Gillard defends new carbon tax
Australian prime minister Julia Gillard today began an election-style campaign to promote a tax on carbon emissions as her political survival hangs on a programme highly unpopular with both industry and voters.
Ms Gillard's poll rating remains near record lows, and some 2,000 protesters denounced the tax when they marched through Sydney yesterday, the day the tax came into force.
The carbon price applies to nearly 300 companies and city councils.
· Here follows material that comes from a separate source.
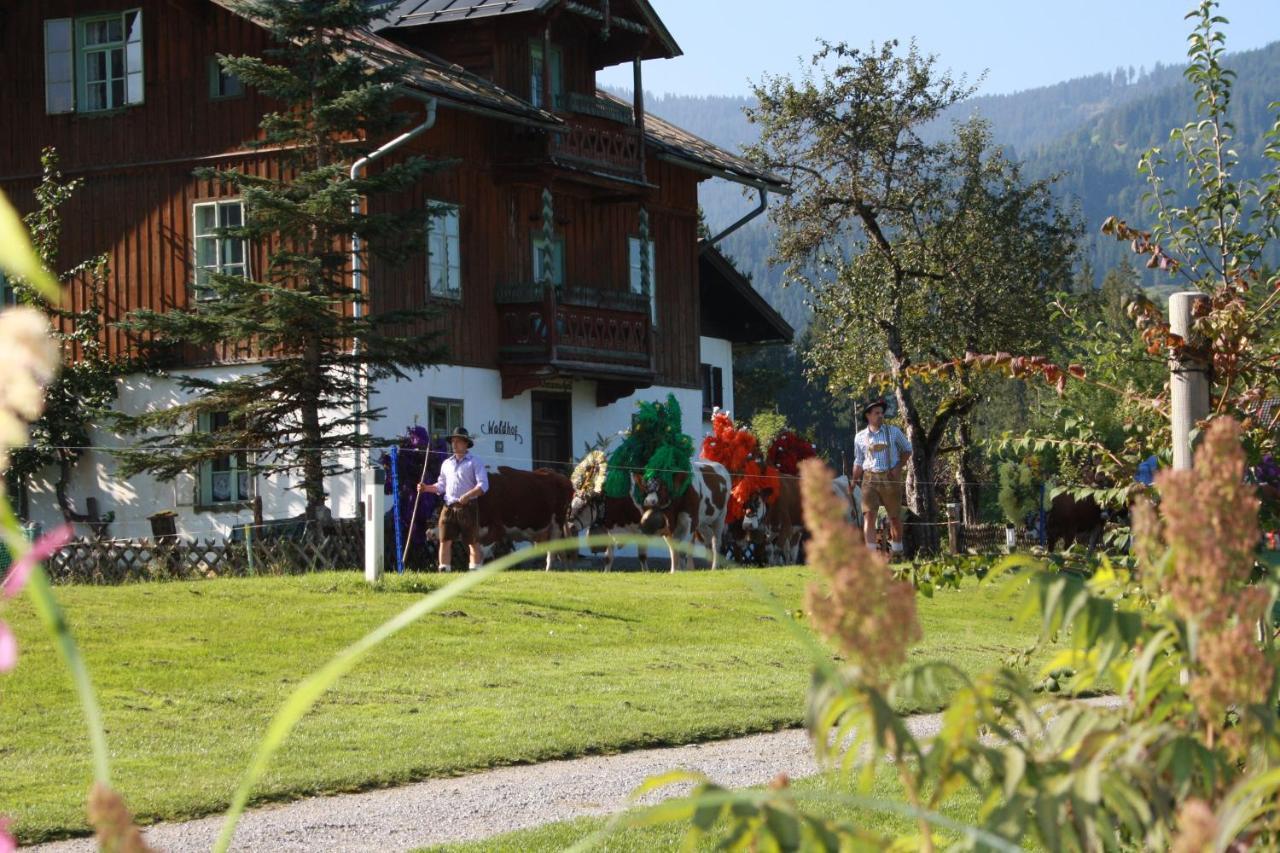 Ferienwohnung Gästehaus Högerhof Hopfgarten im Brixental Exterior foto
It is designed to fight global warming and help curb carbon emissions by 5 per cent of 2000 levels by 2020.
The carbon price forces the biggest polluters, from coal-fired power stations to smelters, to pay A$23 (€18.6) per tonne of carbon dioxide emitted, more than twice the cost of carbon in the European Union, currently trading at about €8.15 a tonne.
Ms Gillard embarked on a round of radio and television interviews and said voters would see a muted impact of the carbon price on the economy and they would realise opposition warnings of big job losses were wrong.
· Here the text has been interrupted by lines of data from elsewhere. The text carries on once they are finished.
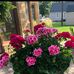 Leann Knapper - Facebook
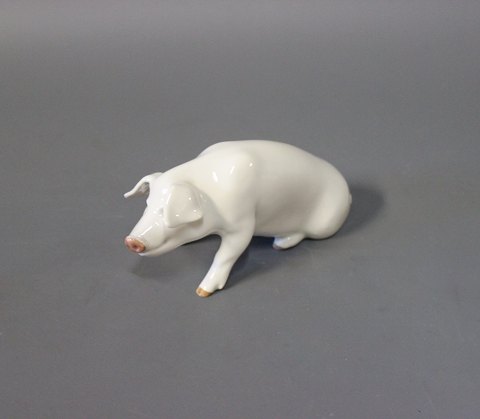 Royal figurine Pig, no. 1400.
5000m2 showroom.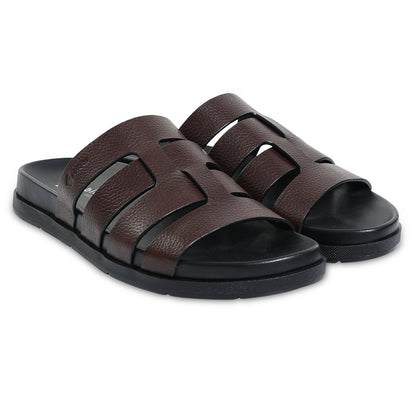 Comfort Tourer - Royal Oak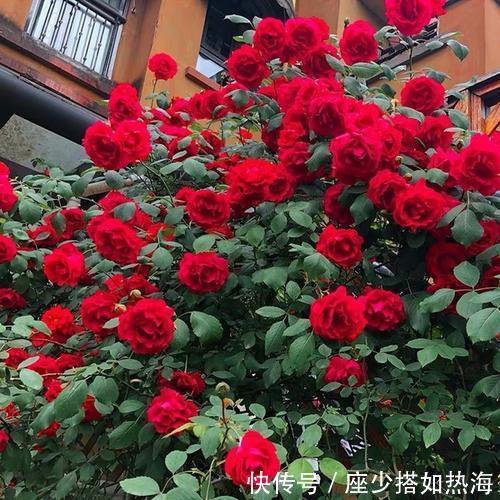 家里有个小露台,养上2棵红木香,一次开花100朵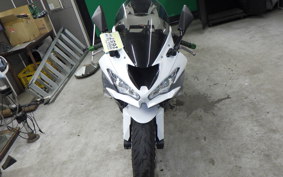 KAWASAKI NINJA ZX-6R A 2021 ZX636G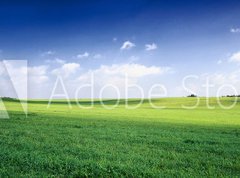 Fototapeta330 x 244  russia summer landscape  green fileds, the blue sky and white c, 330 x 244 cm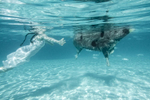 New York Times Magazine, Swimming Teens: Bahamas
"People will have the opportunity to judge for themselves," she told Australian television. "And what people are going to see is tax cuts."
The tax is to be superseded in 2015 by a trading scheme with international links under which companies will be able to buy permits authorising emissions or carbon "offsets" allowing for energy savings elsewhere.
From 2015, polluters and investors will be able to buy carbon offsets overseas from projects that cut emissions, like wind farms. Ultimately, they may trade with schemes in Europe, New Zealand and possibly those planned in South Korea and China. Australia has amongst the world's highest per capita carbon dioxide emissions due to its reliance on coal-fired power stations.
For now, businesses will have the economic pain dulled by billions of dollars in sweeteners and free permits. Industries will get exemptions, especially those with large export volumes.Voters have also been given tax cuts to compensate for the impact of the carbon tax on prices, such as higher electricity bills.
But a Nielsen poll in Fairfax newspapers today found 62 per cent of voters opposed the carbon price, and that Ms Gillard's minority government would be thrown out of office if an election were called now.
The conservative opposition has vowed to scrap the tax if it wins power at the next election, which is due in late 2013 but could be called before then.